Restate word for word the entries below, starting with the line with "AUSHA Tyre Pressure" and continuing through the line with "Pulse Square Corner". Include both of those lines and no others.

*** DATA RECORDS ***

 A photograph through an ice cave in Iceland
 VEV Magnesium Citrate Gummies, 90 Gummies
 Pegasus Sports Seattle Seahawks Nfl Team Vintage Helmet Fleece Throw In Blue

***
*** DATA RECORDS ***

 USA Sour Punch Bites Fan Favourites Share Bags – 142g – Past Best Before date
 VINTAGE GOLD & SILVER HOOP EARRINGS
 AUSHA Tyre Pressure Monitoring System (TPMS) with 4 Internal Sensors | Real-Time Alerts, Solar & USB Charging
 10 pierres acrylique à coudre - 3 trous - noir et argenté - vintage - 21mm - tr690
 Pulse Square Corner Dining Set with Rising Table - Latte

***

_RESULT_:
 AUSHA Tyre Pressure Monitoring System (TPMS) with 4 Internal Sensors | Real-Time Alerts, Solar & USB Charging
 10 pierres acrylique à coudre - 3 trous - noir et argenté - vintage - 21mm - tr690
 Pulse Square Corner Dining Set with Rising Table - Latte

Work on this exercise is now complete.